BY JORDI FAXON
Good behavior isn’t always rewarded. Great people are stolen at young ages, and humanity has bared its teeth—and boy, we aren’t pretty. After confronting the seemingly irrational pain life deals us, it is only natural to ask ourselves why we should go on living in a world that doesn’t seem to want us.
This is a valid question, one that millenia have answered. We’ve thought up many systems of reward for bearing the struggle of living. For some, the narratives work well enough; I will leave them. But for others, there is a restlessness towards any explanation of suffering; it smells of wishful consolation.
All of the existentialists agreed on this point, the meaninglessness of existence; what they differed on was how to confront it. I will narrate their conversation.
The Christian existentialists came first, the most well-known of them being Søren Kierkegaard. He was the first to bring “anguish” into philosophical discourse, as the fundamental discomfort with the irresoluteness of our existence. He encouraged a relinquishment, God being a passion you had to throw yourself into—he spoke of “leaping into faith”—in the impossibility of objective knowledge.
German phenomenologists came next. Martin Heidegger reminded us there is something that happens before thought which makes us aware of our existence: It is a visceral anxiety at its confrontation. “Dasein” is the term he coined to define the human as an individual, her very existence being an issue.
The Parisian existentialists were pretty hip and trendy in their day. Jean-Paul Sartre was a dashing intellectual—not in appearance, but certainly in wit. He saw we are born with no instruction manuals, and are radically, overwhelmingly, free to make huge decisions. He said we must live in good faith, authentically to ourselves, and reject authority standing at odds with our nature. Simone de Beauvoir, his wife, blended existentialism with feminism, feeling women needed to liberate themselves from all the arbitrary connotational baggage they’ve assumed, contained within the concept of “woman.”
Albert Camus, also dashing intellectual—very much in appearance—coined the philosophy called Absurdism. He labeled all of the previous philosophers as practitioners of philosophical suicide for trying to evade the absurdity of the human condition. He crafted the absurd hero, a person who not only is confronted with the absurdity but gallantly rebels against it. It’s the absurdity between our craving for understanding (unavoidable) and the indifference of the universe (also unavoidable).

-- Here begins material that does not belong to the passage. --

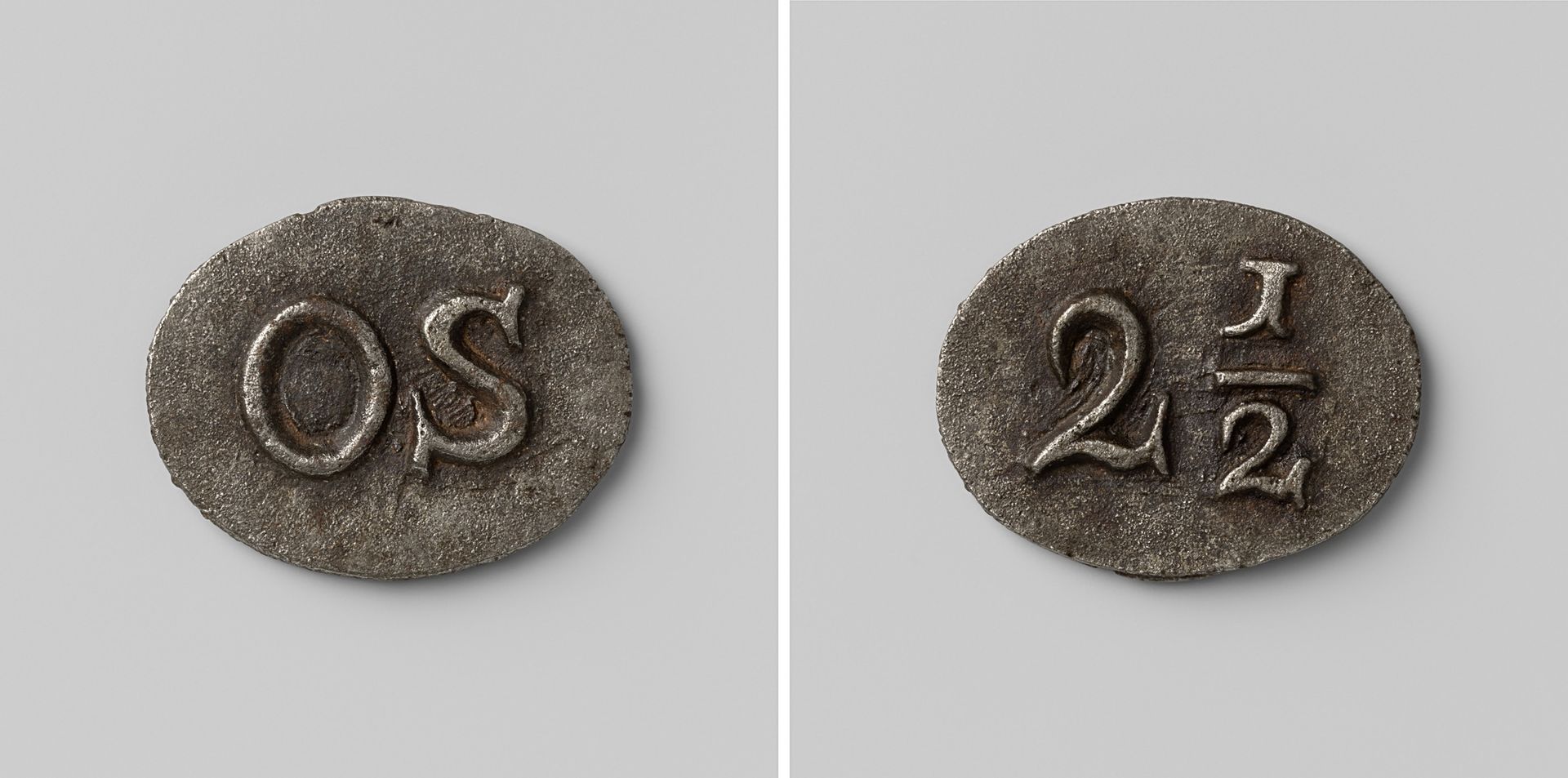 Strafgevangenis Ommerschans, huismunt geslagen op last van de Maatschappij van Weldadigheid ter waarde van tweeeneenhalve cent by Anonymous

So, who’s right? How do we deal with our condition?
In matters of such grandeur, I’m not sure there has to be an answer right for everyone. What resonated with you? I personally think Camus’s analysis is the most compelling because he seems to resist everyone else’s temptation to “solve” the problem. Usually, though, while philosophers have come to their own understandings, students of philosophy are encouraged to not settle, and instead to wade in myriad texts. I think this model complements the absurd truth: It’s best not to anchor our life in hope for something that helps it all make sense, but instead, live for life’s own sake.